For the different types of aggregation, expected consumption over the duration of a particular time bucket is calculated as follows:

  • Consumer - The total number of messages produced onto any topic / partition being read by the consumer over the duration of time bucket.
  • Consumer Group - The total number of messages produced onto any topic being read by the consumer group over the duration of time bucket.
  • Topic / Partition - The total number of messages produced onto the topic / partition over the durtion of time bucket. Note: this aggregation is always shown on a per consumer basis.
  • Topic - The total number of messages produced onto the topic over the duration of the time bucket multiplied by the number of consumer groups that read messages from the topic corresponding to the duration of the time bucket.
  • All messages - An aggregate of all Consumer Group aggregates. Also an aggregate of all Topic aggregates. (They are the same thing.)

When a new consumer group is created and starts reading messages from one or more topics, the all messages expected consumption aggregate will be affected, as will any relevant topic expected consumption aggregates.

In the example below, two consumer groups were reading from a particular topic. At about 12:46pm, a new consumer group was started and began reading from the same topic (auto.offset.reset property was set to ‘latest’). Before the new consumer group was started, expected consumption from the topic is 2x the number of messages produced onto the topic. After the new consumer group started, expected consumption is 3x the number of messages produced onto the topic:

../../_images/c3consumergroupstart.png

Change in expected consumption when new consumer started.

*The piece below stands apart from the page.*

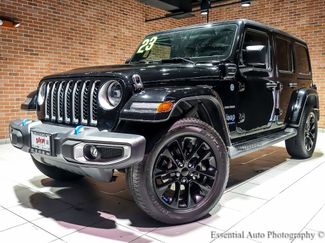 Used 2023 Jeep Wrangler Unlimited Sahara w/ Cold Weather Group video 2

In general, the first message read by a consumer will not have a timestamp that aligns with a time bucket window. This causes Control Center to show under-consumption in the first time bucket after the new consumer group starts up because expected consumption is calculated as the total number of messages produced in the time window multiplied by the number of consumer groups that read any message that was produced in the time window.

Note

Control Center cannot differentiate between the scenario described above and an error scenario where there was unexpected under-consumption. For this reason, the under consumption associated with consumer group startup is highlighted in orange, even though it is a normal operational scenario.